• Data:
++++++++
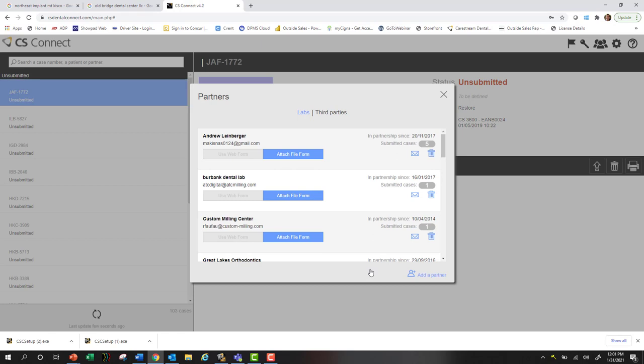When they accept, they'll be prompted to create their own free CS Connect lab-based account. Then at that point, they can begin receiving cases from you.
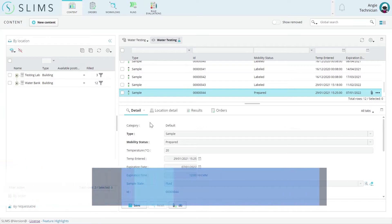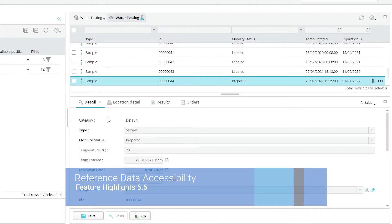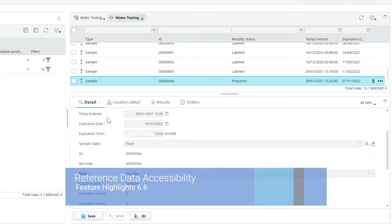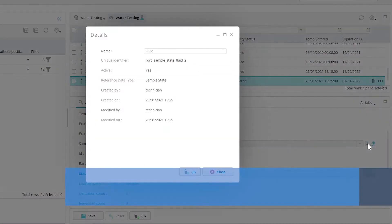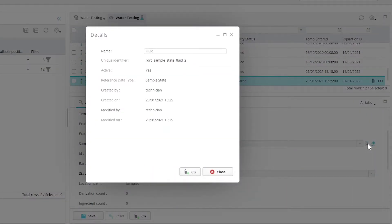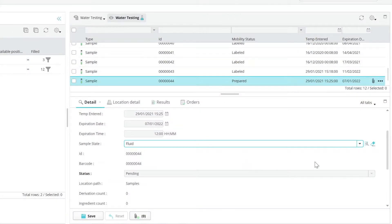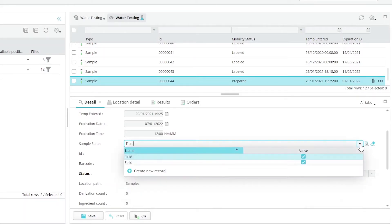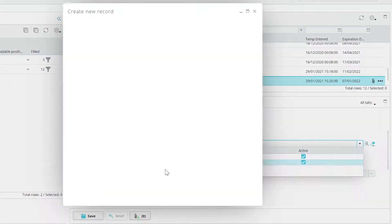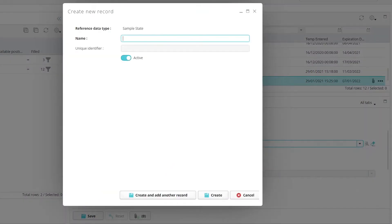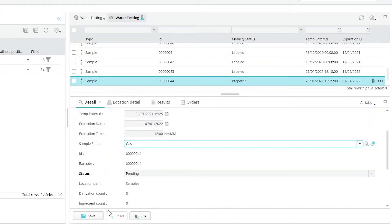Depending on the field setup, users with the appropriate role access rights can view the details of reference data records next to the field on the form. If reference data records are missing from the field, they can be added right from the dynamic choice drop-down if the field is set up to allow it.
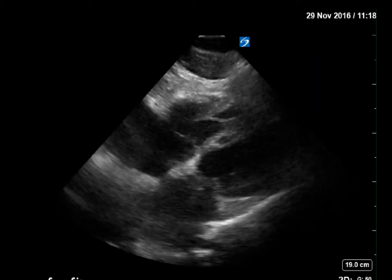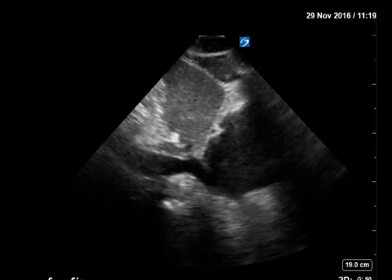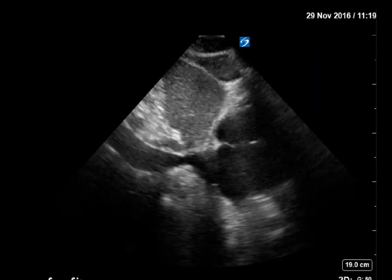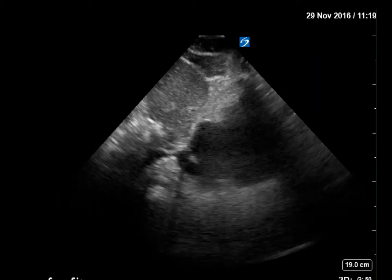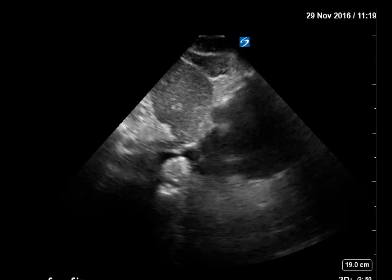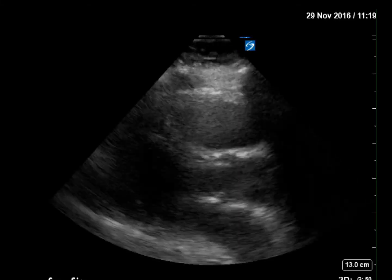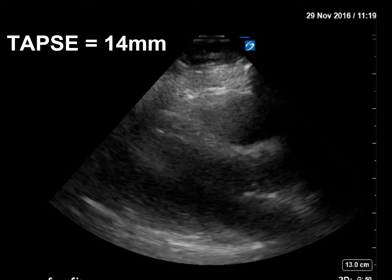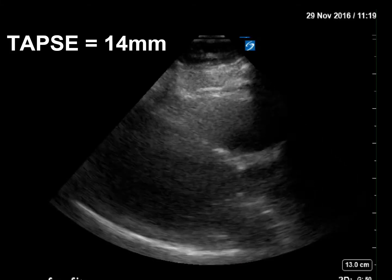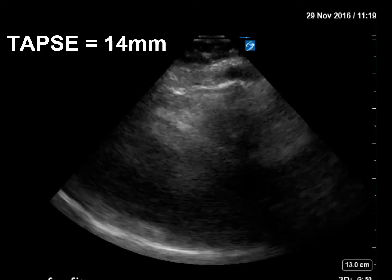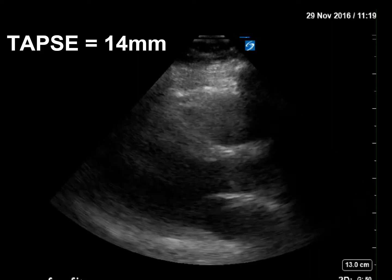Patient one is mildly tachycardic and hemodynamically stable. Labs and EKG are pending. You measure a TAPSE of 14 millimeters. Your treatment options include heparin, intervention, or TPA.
++++++++
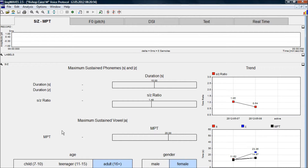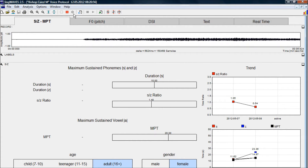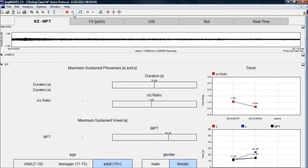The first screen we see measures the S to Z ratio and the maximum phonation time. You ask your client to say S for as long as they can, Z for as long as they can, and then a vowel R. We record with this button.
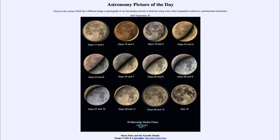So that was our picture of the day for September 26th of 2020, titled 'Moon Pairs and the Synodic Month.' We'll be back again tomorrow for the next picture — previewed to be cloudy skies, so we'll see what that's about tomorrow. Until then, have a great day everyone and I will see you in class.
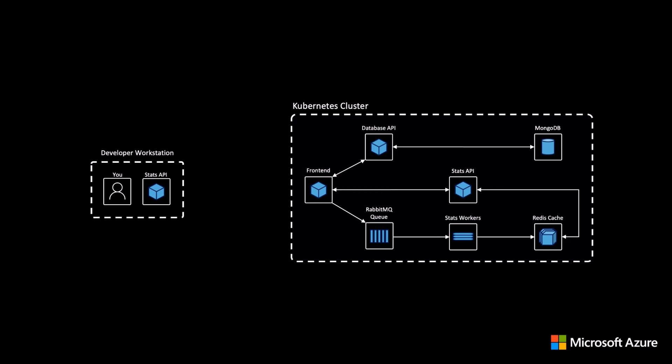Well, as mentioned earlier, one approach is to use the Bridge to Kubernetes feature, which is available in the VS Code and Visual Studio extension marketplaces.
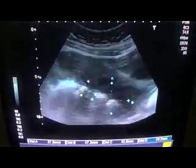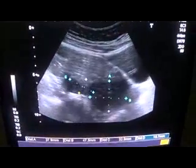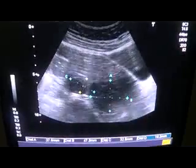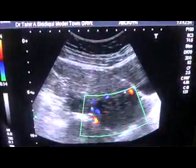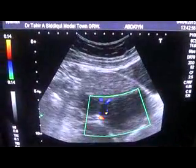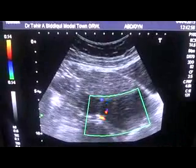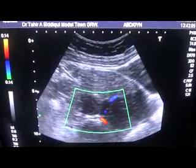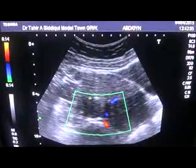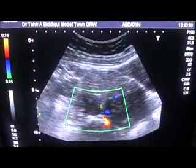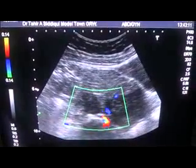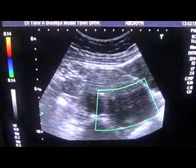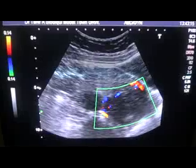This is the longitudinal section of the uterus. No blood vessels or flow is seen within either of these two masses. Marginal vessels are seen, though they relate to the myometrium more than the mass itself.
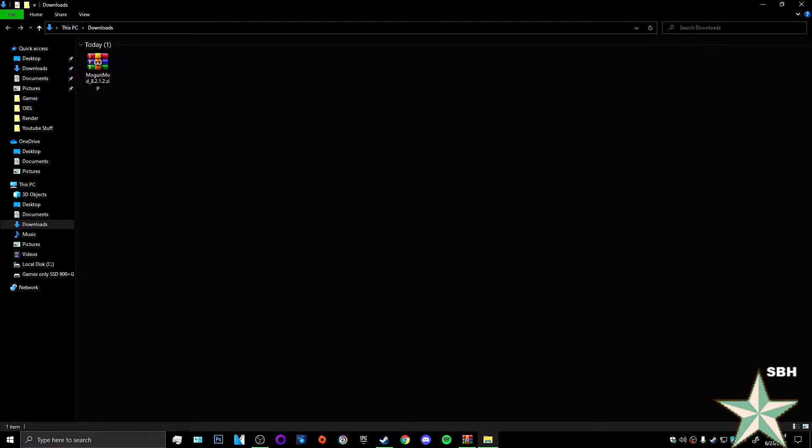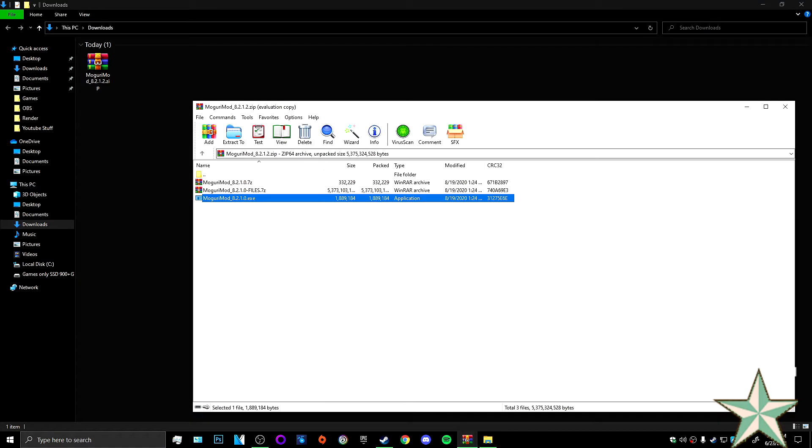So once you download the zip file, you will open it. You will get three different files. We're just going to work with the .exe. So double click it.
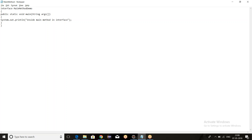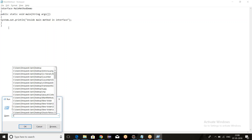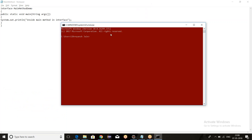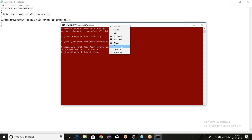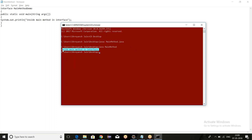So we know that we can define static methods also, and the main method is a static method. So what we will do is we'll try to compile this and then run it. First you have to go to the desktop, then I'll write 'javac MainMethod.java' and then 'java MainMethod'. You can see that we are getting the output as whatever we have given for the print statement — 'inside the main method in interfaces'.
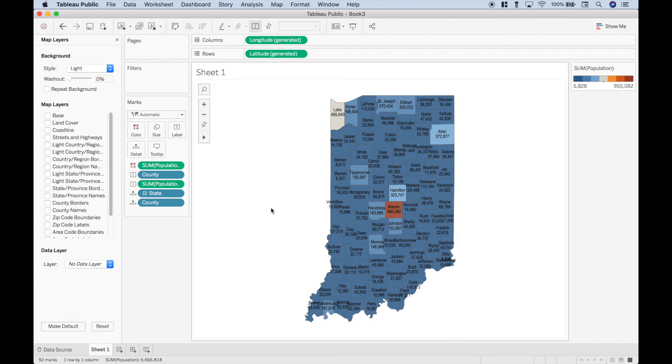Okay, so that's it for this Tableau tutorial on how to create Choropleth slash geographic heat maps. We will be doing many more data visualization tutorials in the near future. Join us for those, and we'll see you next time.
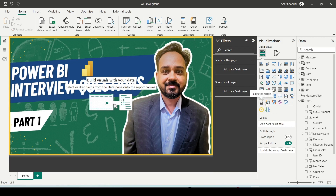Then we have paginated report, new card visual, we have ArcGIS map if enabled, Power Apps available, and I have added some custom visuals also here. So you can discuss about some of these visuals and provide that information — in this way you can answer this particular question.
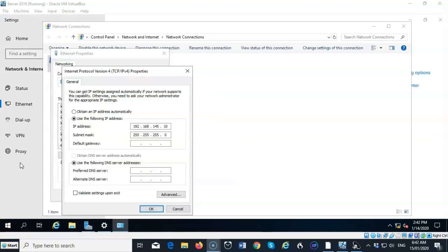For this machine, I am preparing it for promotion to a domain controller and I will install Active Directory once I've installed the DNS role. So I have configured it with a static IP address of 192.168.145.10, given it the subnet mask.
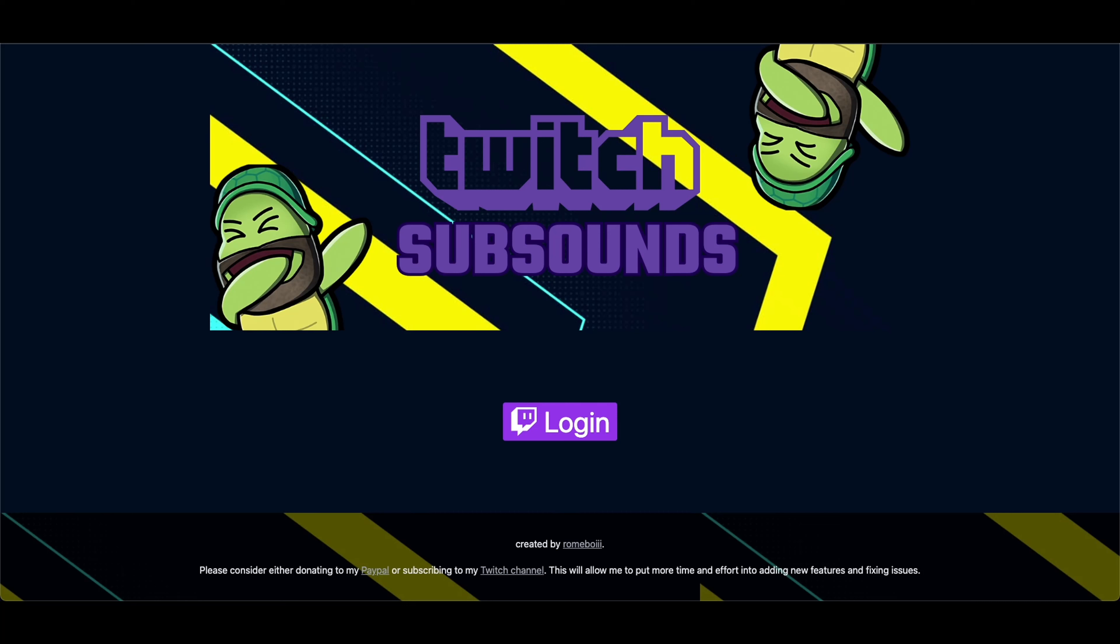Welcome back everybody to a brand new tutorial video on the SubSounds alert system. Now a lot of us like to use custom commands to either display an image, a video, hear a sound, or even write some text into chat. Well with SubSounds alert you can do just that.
++++++++
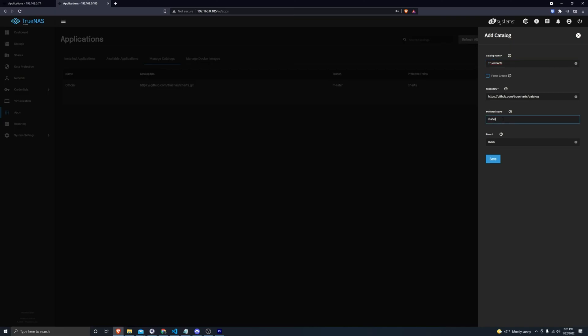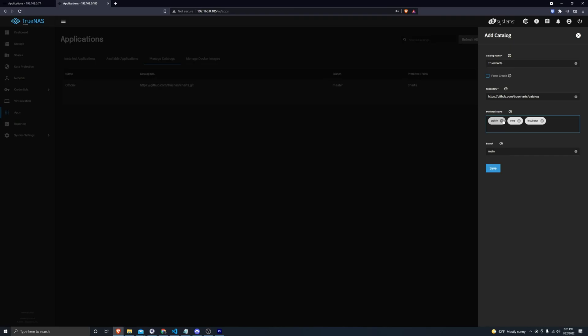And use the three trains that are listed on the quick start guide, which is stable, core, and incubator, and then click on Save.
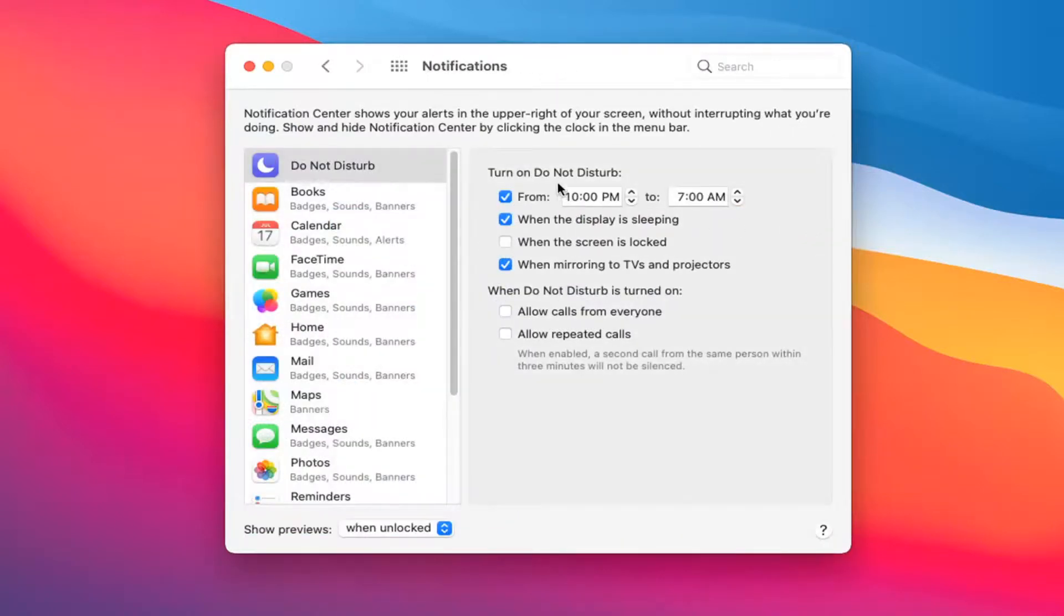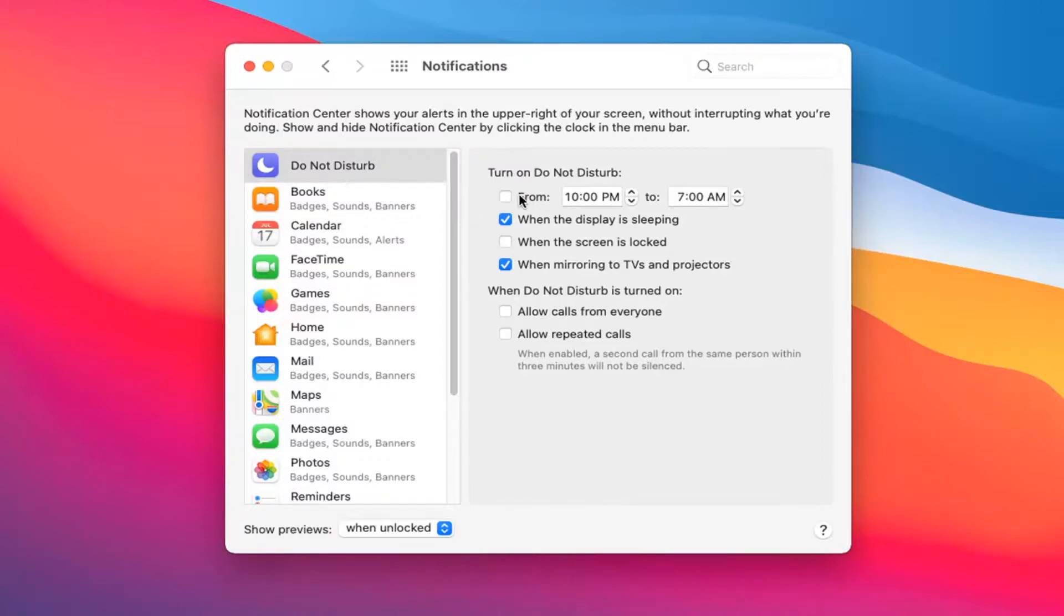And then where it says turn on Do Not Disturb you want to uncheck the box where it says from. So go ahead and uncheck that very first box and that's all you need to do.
++++++++
Start at the line above containing "The first screen" and stop at the line containing "So that was": print those lines and everything between them exactly, but not the pictures.

• Exercise output:
The first screen we see measures the S to Z ratio and the maximum phonation time. You ask your client to say S for as long as they can, Z for as long as they can, and then a vowel R. We record with this button.
So that was our picture of the day for September 26th of 2020, titled 'Moon Pairs and the Synodic Month.' We'll be back again tomorrow for the next picture — previewed to be cloudy skies, so we'll see what that's about tomorrow. Until then, have a great day everyone and I will see you in class.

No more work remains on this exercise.